Women's Center

Healthy Relationships and Sexuality

Healthy relationships (http://www.loveisrespect.org/dating-basics/healthy-relationships) are those that demonstrate respect: for people, for their likes, dislikes, dreams, hopes, fears, comfort, desires, and privacy, among so many other things. Healthy relationships include compromise, support, trust, and boundaries. Healthy relationships are balanced: there is an equal amount of give and take between parties. This is true for all types of relationships, including family, friend and partner relationships. You should feel safe, supported, and comfortable being yourself around your loved ones.
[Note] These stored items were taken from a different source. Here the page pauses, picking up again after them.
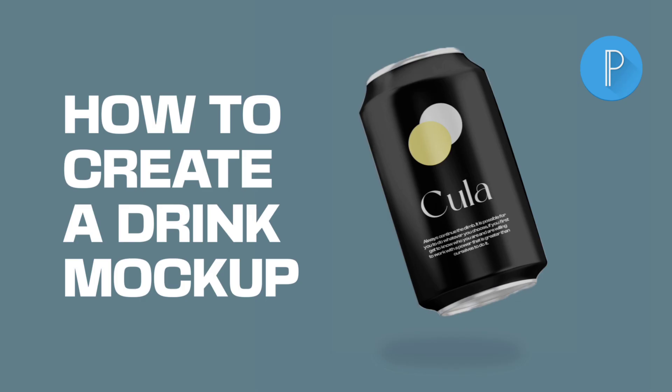Hello everyone, in this video we're going to create a product mockup for a drink can. Everything in this video is fictional and is only for the purpose of this tutorial.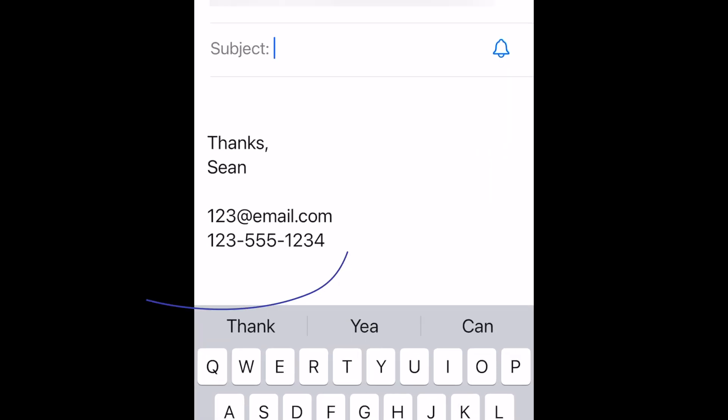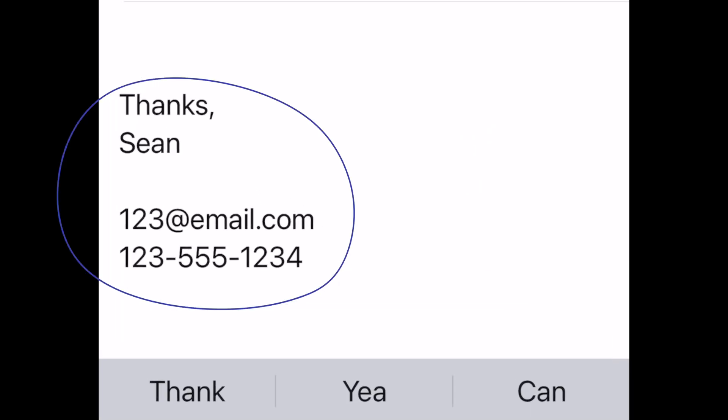Hey everybody, my name is Sean Seymour, and I do how-to videos that hopefully solve a problem or help you learn something new. That might be photography and/or video, or it could be how to solve something that's frustrating with technology, like how to have the bottom of your email auto-populate with what's called a signature whenever you send out an email.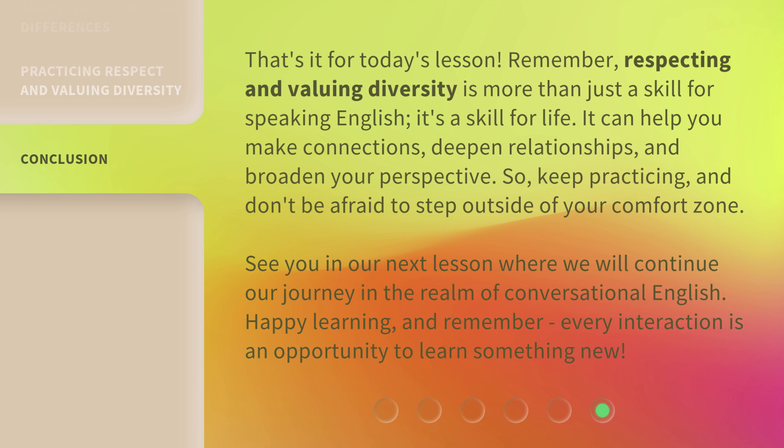It can help you make connections, deepen relationships, and broaden your perspective. So keep practicing, and don't be afraid to step outside of your comfort zone. See you in our next lesson where we will continue our journey in the realm of conversational English. Happy learning, and remember, every interaction is an opportunity to learn something new.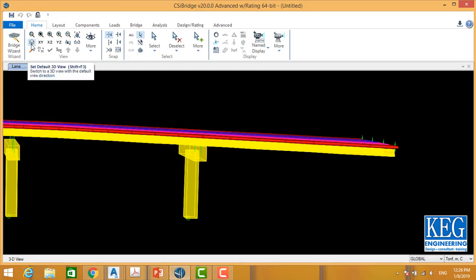In this lesson we learned how to change the layout for horizontal and vertical bridge geometry in CSI Bridge.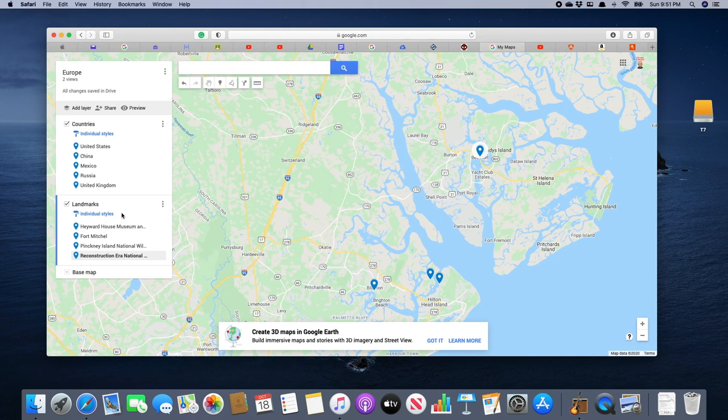So this is how you create a new layer that we're going to call 'Landmarks.' We used the search function to find the places we want to drop a pin on and add them to our map, and then we added nice pictures of all these locations so that people — in our case, my friend — can see what these places look like.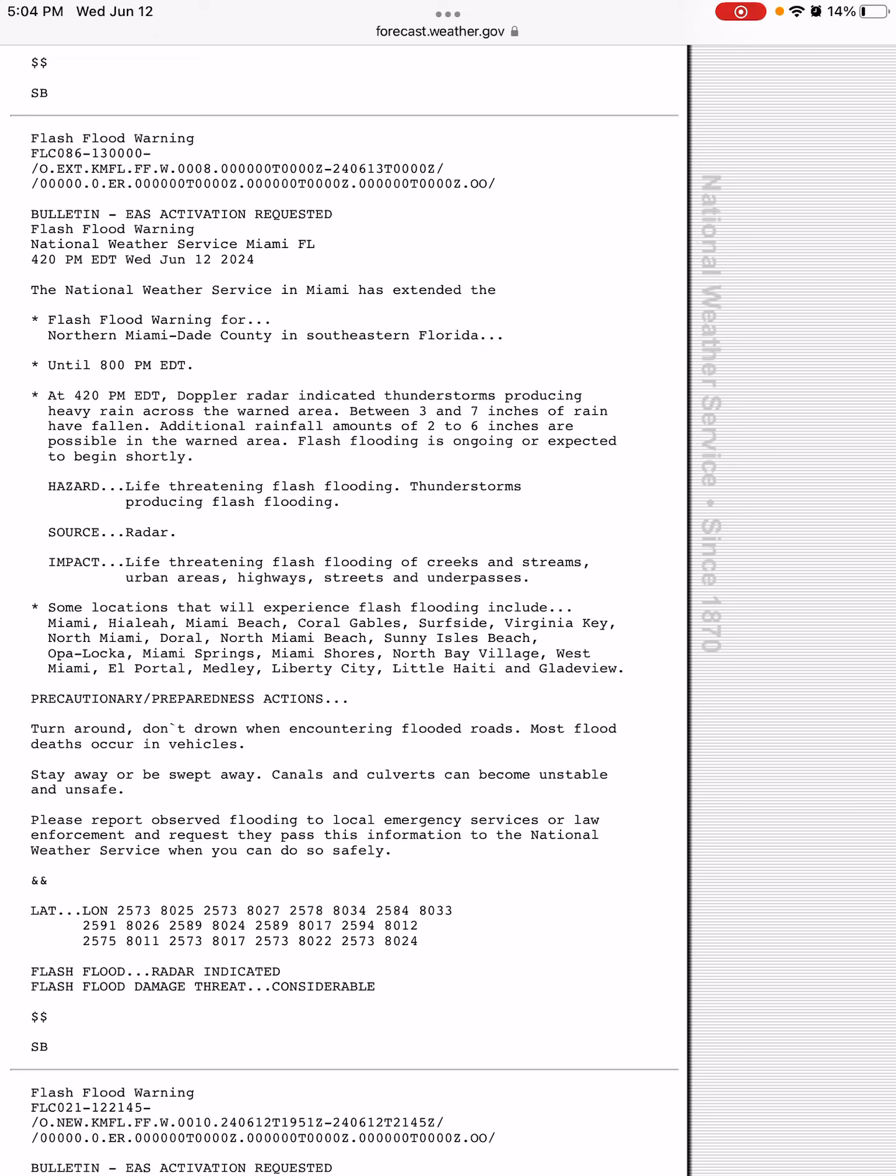And life-threatening flash flooding is occurring with thunderstorms producing flash flooding. So you need to turn around, don't drown, and avoid flooded roads since most flood deaths occur in vehicles.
Healthy sexuality (http://www.nsvrc.org/sites/default/files/SAAM_2012_Healthy-sexuality-a-guide-for-advocates-counselors-and-prevention-educators.pdf) can be described as behaviors, attitudes and expressions that give an individual a sense of empowerment and contribute positively to self-esteem and relationships. Being informed about sexual health and reproduction, expressing one’s self in ways that are respectful to the rights and needs of one’s self and others, and an awareness of the impact of social messages related to sexuality are important components of healthy sexuality. 

Healthy sexual relationships (http://www.loveisrespect.org/dating-basics/healthy-relationships/sex-and-healthy-relationships) are respectful, non-exploitative, pleasurable, safe, and consensual. Consent means that partners actively agree to sexual activity: it means that both/all partners communicate their desires, needs, and boundaries. It means clearly saying “yes” to sexual activity. Giving consent is not permanent: it means that you would like to engage in a particular activity at a particular time. Giving consent does not obligate you to participate in any activity or behaviors, present or future: you can say no at any point and you are not obligated to give consent on any future occasion based on past or present activities. Consent requires that participants are legally old enough to provide consent (in Minnesota, the age of consent is 16) and that participants have the capacity to consent (intoxication, unconsciousness and some disabilities are legally defined as conditions in which consent cannot be given).

We live in a culture that poses challenges to living and loving in healthy ways. Fortunately, feminism offers models to living empowered and healthy lives.